=== Section Start ===

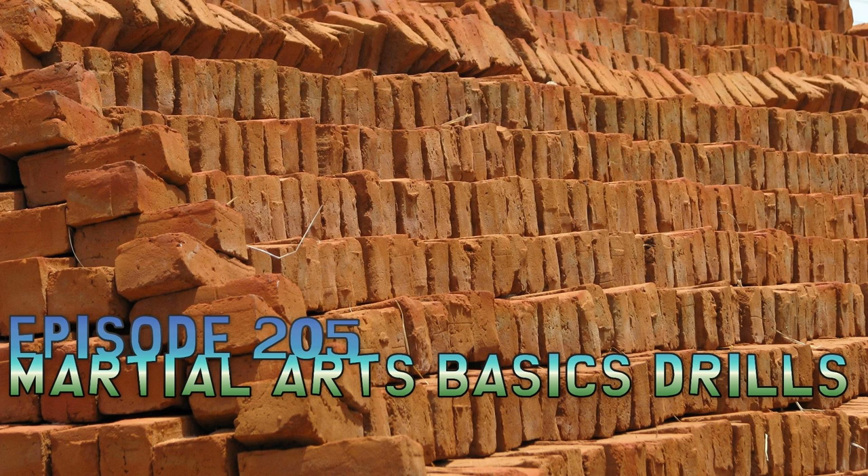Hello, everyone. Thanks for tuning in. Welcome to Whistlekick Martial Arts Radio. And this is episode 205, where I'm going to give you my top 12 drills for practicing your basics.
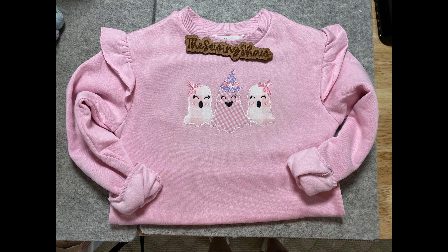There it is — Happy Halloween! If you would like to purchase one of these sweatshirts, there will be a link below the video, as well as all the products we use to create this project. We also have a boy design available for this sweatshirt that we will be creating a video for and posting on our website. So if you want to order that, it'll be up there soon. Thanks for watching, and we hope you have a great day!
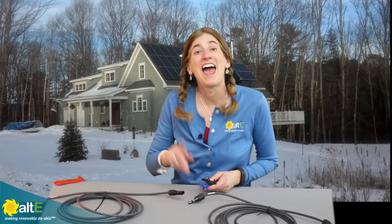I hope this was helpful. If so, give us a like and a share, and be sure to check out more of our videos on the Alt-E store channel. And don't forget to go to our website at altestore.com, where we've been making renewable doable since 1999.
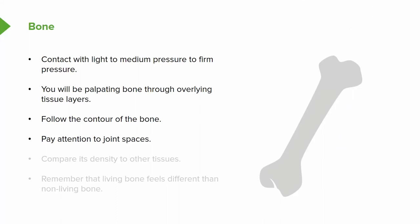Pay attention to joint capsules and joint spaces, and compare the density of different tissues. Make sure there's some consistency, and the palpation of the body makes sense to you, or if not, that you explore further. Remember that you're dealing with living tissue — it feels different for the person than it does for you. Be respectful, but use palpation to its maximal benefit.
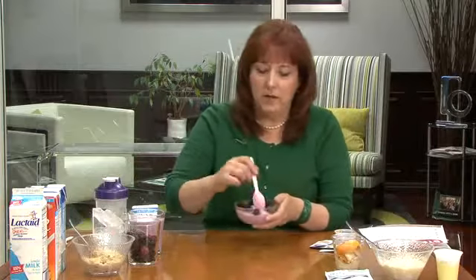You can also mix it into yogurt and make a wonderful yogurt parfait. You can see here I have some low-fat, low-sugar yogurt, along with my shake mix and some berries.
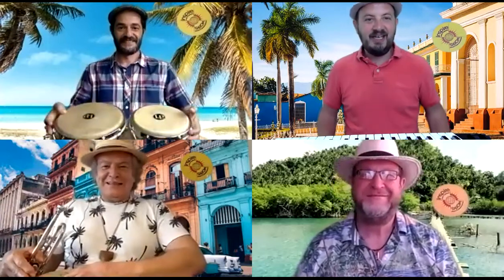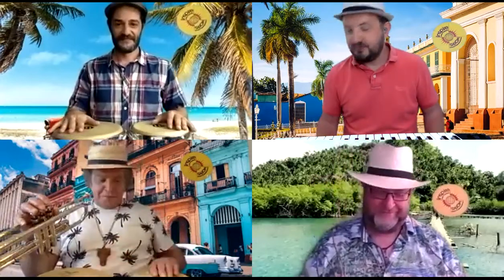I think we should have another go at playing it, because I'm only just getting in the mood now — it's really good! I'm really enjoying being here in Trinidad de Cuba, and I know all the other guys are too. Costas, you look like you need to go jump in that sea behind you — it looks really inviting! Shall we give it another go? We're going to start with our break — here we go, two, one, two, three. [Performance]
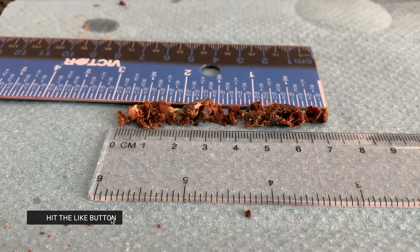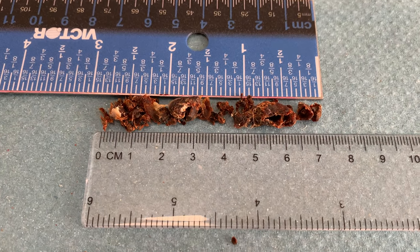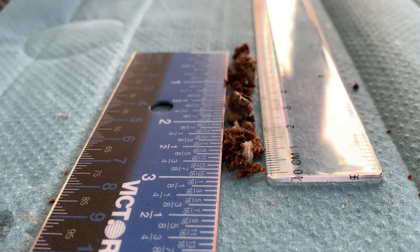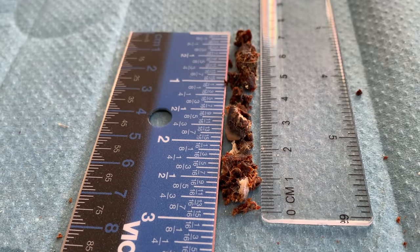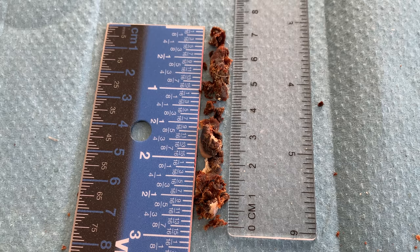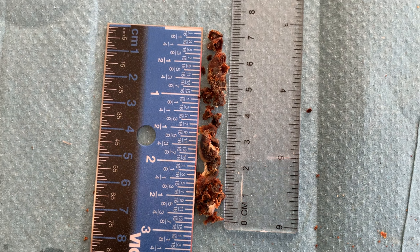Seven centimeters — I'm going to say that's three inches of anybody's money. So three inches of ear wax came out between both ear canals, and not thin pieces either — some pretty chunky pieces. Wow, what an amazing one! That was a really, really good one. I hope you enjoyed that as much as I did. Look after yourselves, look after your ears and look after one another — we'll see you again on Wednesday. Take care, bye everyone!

=== Section End ===

*WHAT IS BEING ASKED:*
Using the data above, output the line that has "Pay attention to", the line that has "I think we should", and whatever lines fall between, each exactly as it stands and without pictures.

*YOUR RESPONSE:*
Pay attention to joint capsules and joint spaces, and compare the density of different tissues. Make sure there's some consistency, and the palpation of the body makes sense to you, or if not, that you explore further. Remember that you're dealing with living tissue — it feels different for the person than it does for you. Be respectful, but use palpation to its maximal benefit.
You can also mix it into yogurt and make a wonderful yogurt parfait. You can see here I have some low-fat, low-sugar yogurt, along with my shake mix and some berries.
I think we should have another go at playing it, because I'm only just getting in the mood now — it's really good! I'm really enjoying being here in Trinidad de Cuba, and I know all the other guys are too. Costas, you look like you need to go jump in that sea behind you — it looks really inviting! Shall we give it another go? We're going to start with our break — here we go, two, one, two, three. [Performance]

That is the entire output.